Today’s post is done in 3 parts, because there were 3 parts to today’s post π
This morning, I woke up crying – I woke up
hearing myself crying like I had lost my best friend.
And I had.
I had been dreaming of Bob; the dream was
kinda disjointed … but I remember Bob and I were enjoying ourselves, when he
took off walking, and us agreeing I would drive the car to a specific point of
the walk and pick him up. I watched him walking off into the distance, as I
slipped the car into drive, and turned my eyes to the sharp corner of the
U-turn-street: when I looked for Bob, coming into a straight stretch – he had
disappeared. I couldn’t see him anywhere. I drove the loop twice, thinking
maybe he was off to the side, jawing with someone (as he was always prone to
do); but he had just vanished. Coming out of the grogginess of a deep
dreaming sleep, I heard myself crying, “I lost him! I lost him!”
I must have laid there for a good 10 minutes,
crying like the world was coming to an end, before I woke all the way up and
shook myself to break the dreamscape link.
I dried my eyes, got dressed, and
decided to go for a drive.
I had read online that there were now
hiking trails at the Vista Park in Skamokawa: I wanted to try them out.
This morning would be a good time to do that: I left home at 9 AM.
The drive was short, not the hours long
drives, I normally do.
Entering the Park, you have to dodge a lot of
potholes – some deep, some just wide; all with ragged edges.
WOW! Vista Park has grown!

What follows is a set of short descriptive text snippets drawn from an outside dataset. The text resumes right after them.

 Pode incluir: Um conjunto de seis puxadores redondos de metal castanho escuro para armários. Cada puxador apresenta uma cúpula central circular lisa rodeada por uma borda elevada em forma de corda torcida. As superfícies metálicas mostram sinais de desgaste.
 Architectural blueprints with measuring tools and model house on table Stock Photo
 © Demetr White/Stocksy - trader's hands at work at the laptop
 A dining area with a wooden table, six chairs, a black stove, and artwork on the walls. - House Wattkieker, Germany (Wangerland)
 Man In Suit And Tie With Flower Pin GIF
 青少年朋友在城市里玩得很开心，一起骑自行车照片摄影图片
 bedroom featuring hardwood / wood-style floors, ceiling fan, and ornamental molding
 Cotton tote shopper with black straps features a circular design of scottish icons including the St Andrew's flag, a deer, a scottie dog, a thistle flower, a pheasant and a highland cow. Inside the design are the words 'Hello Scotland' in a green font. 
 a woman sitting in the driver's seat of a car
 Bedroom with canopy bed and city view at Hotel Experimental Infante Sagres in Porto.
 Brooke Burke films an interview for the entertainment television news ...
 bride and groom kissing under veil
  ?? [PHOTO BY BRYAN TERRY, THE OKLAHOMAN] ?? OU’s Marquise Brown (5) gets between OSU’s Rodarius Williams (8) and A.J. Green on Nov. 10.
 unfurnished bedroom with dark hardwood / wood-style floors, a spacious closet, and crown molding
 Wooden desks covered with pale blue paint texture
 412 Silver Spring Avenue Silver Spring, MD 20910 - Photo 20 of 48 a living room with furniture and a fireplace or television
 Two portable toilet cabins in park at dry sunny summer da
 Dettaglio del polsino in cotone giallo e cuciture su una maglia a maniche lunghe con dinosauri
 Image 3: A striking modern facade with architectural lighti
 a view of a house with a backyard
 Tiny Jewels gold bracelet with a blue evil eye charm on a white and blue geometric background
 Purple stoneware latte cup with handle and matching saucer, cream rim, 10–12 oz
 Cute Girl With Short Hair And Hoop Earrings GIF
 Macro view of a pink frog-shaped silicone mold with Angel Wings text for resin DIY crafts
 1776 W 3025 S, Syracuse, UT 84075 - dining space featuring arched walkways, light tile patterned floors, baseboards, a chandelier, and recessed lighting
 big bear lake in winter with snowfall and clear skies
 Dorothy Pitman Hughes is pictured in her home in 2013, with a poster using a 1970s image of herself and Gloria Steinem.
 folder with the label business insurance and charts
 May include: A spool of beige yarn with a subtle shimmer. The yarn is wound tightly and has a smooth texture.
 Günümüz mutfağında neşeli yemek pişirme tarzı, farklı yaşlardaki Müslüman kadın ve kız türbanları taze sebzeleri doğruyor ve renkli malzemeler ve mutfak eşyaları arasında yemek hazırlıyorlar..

It isn’t a little hole-in-the-wall yuppie kayaking thingee,
anymore. It’s a thriving tourist venture now.
I drove to the Office and asked about the
advertised trails – I don’t remember there being any, last time Bob and I were
there with our little grandson, in 2017: I was curious.
I was told they were “at the end
of the road, behind the Office”; so, off I drove π
As I made the turn from the Office to
trailhead, and saw this preserved gillnet boat.
The trailhead brought back a lot of memories.
The path led down familiar terrain: father’s
cousin Terri, and her husband Don Anderson lived in a cute white house at the
end of the curve (which had been graveled in 1968; the Holden house before
that) … and my mother, and us 5 kids, had hiked to her house one afternoon,
from Ingalls Road in Skamokawa – through a farmer’s field, and up over Moe
Hill, to tie into a logging road that dropped behind the old school house, and
into the road that led to Terri and Don’s house. I’ll never forget that hike –
and I told Bob about it many times: it was exciting.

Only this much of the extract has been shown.